Look Up for More Unused Space
The vertical space in rooms is often overlooked. High floating shelving a foot or so below ceiling height provides a frame for the room and can be used to display all sorts of items from books to ornaments and collections. One advantage of putting up high shelves for precious items is that they’re mostly out of sight — and definitely out of reach — of curious little fingers.
Organising Kids’ Rooms
Children’s bedrooms can quickly become clutter magnets. Here again shelving can become a best friend. Position them low so they’re within child reach and provide colourful storage boxes to house collections of small toys. Label each box with clear, bold letters that can become a game for very young children just learning to recognise letters and words.
Cabin and Captain beds can help reduce the clutter and also provide children with play or homework areas all within the same footprint as a standard bed. Another idea is to use an ottoman bed that provides plenty of hidden storage beneath the mattress base. These are ideal for those little used, larger items such as seasonal sports or garden games equipment or larger indoor toys and games that don’t get used daily.

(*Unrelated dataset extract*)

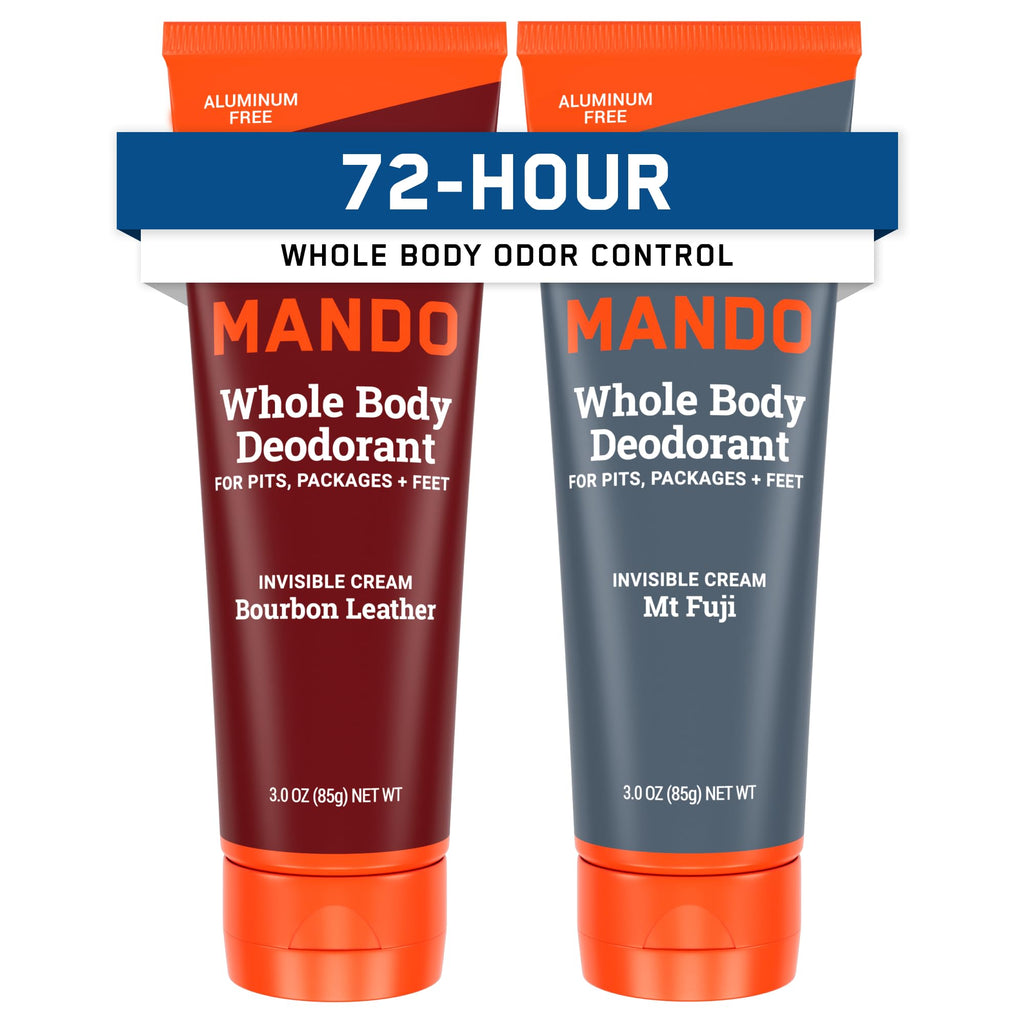 Mando Whole Body Deodorant for Men - Invisible Cream with 72-Hour Odor Control | Aluminum & Baking Soda Free (2x 3 oz) Bourbon Leather & Mount Fuji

Decluttering can be hard work, and stressful for some people. One way to minimise the need to regularly declutter different rooms is to be strict about zoning off areas of the house for specific tasks.
If, for instance, if you work from home, create an office area and make it a rule that office equipment, such as pens and staplers, don’t get removed.

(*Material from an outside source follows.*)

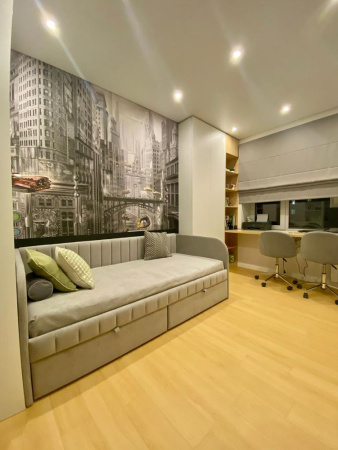 Кровать Слайт 190х80 (полоса с прямой спинкой). Велюр Teddy - 2 цвета в продаже!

Extended, off-site Storage
A new idea that’s catching on fast is to utilise self storage facilities for those items you want to keep but have no room for at home. Examples include garden machinery that’s only used during the summer, spending winter cluttering up the shed or garage and slowly rusting in the damp conditions. With self storage room sizes starting from around the size of a large locker and going up from there, it’s a cost effective solution that allows you to hang onto precious or expensive items that otherwise take up valuable space at home.
By being systematic and making decluttering a regular priority, it’ll go that much faster and be much less of a chore. As an added bonus, even the smallest of houses will feel more spacious and comfortable.